# How is density compensation created in the ocean mixed layer?

**Authors:** Andrey O. Koch, Robert W. Helber, James G. Richman, and Charlie N., Barron

arXiv: 1906.09904 · 2019-06-25

## TL;DR

This paper investigates how turbulent mixing influences horizontal density compensation in the ocean's upper layer, introducing a new non-linear diffusion scheme and analyzing its effects at different scales.

## Contribution

It introduces a novel non-linear horizontal diffusion scheme and analyzes the role of mixing in creating density compensation at submesoscales.

## Key findings

- Horizontal mixing with constant diffusivities does not significantly change density gradients.
- The new non-linear scheme can produce compensated gradients at scales of 10 km or less.
-  External forcing is necessary to reproduce observed compensation at larger scales.

## Abstract

This study examines the impact of turbulent mixing on horizontal density compensation in the upper ocean. A series of simulations model the role of mixing in scenarios initialized with geostrophically-adjusted compensated and uncompensated thermohaline gradients. Numerical experiments isolate the influence of mixing on these gradients using idealized conditions with zero surface heat and momentum flux. Prompted by theoretical considerations and observed consequences of mixing, a new non-linear horizontal diffusion scheme is introduced as an alternative to the standard Laplacian diffusion. Results suggest that when horizontal mixing is parameterized using constant diffusivities, horizontal density compensation is substantially unchanged as the gradients erode.
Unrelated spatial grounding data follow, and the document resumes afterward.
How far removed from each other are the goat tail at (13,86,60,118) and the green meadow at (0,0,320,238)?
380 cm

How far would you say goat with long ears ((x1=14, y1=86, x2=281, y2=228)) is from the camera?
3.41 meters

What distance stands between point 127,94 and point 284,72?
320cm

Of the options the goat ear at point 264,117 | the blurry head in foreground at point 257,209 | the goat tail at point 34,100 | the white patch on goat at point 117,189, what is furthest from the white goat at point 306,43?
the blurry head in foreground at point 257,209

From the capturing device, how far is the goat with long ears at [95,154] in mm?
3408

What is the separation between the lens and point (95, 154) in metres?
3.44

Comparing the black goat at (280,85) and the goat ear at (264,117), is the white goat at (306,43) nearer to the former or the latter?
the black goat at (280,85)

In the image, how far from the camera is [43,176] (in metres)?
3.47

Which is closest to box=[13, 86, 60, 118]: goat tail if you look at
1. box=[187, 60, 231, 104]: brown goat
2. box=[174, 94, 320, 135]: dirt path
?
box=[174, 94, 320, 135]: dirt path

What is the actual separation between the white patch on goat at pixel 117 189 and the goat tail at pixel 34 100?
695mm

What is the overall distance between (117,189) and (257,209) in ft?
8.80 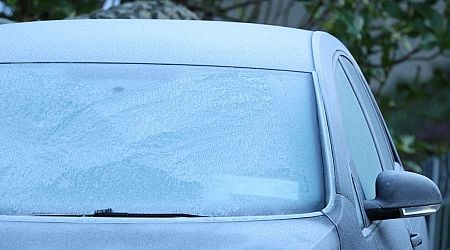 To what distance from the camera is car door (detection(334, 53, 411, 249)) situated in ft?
12.9

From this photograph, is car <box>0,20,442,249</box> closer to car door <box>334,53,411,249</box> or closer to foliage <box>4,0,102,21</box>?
car door <box>334,53,411,249</box>

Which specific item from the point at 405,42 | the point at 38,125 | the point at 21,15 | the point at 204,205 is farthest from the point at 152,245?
the point at 405,42

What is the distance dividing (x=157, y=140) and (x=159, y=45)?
43 centimetres

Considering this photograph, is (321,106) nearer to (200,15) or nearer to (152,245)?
(152,245)

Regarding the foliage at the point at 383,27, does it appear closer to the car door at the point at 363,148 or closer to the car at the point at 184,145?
the car door at the point at 363,148

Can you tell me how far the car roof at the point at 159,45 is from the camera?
158 inches

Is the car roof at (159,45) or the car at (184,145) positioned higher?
the car roof at (159,45)

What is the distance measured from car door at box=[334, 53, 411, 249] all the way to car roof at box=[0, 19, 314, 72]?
0.22m

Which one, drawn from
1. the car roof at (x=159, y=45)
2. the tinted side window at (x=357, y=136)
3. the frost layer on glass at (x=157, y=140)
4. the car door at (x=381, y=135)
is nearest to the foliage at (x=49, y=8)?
the car door at (x=381, y=135)

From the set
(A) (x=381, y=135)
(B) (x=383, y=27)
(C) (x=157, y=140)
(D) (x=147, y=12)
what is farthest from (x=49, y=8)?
(C) (x=157, y=140)

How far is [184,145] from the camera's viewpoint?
3.74 m

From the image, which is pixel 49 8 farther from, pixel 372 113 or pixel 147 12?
pixel 372 113

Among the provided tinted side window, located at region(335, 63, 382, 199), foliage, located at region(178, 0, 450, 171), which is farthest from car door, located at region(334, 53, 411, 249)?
foliage, located at region(178, 0, 450, 171)

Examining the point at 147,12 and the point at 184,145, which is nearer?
the point at 184,145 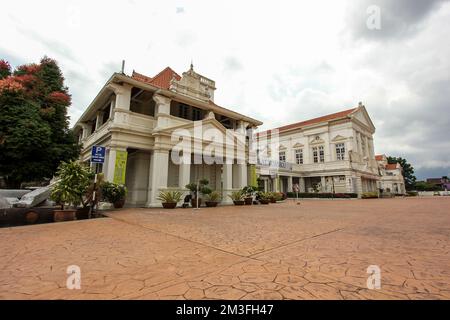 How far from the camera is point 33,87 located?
14.5 m

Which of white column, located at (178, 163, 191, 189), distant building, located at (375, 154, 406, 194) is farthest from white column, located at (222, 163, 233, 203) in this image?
distant building, located at (375, 154, 406, 194)

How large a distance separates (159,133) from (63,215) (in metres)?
6.57

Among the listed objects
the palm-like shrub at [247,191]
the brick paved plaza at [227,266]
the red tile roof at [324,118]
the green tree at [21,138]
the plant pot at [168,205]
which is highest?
the red tile roof at [324,118]

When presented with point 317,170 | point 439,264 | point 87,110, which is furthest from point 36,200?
point 317,170

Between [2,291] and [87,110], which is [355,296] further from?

Simulations using the new scheme, which parameterizes mixing with horizontal diffusivities scaled by squared buoyancy gradient, suggest that horizontal mixing can produce compensated gradients during this decay, but only at scales of 10 km and less. Reducing vertical mixing to small background values has a similar effect, increasing the degree of compensation at submesoscales. Reproducing observed compensated thermohaline variability in the mixed layer at scales greater than 10 km requires external forcing. These results show important influences of mixing on density compensation within the ageostrophic submesoscale regime. In the transition from a horizontally compensated mixed layer to a partially compensated thermocline, advection must play an important role; mixing alone is insufficient.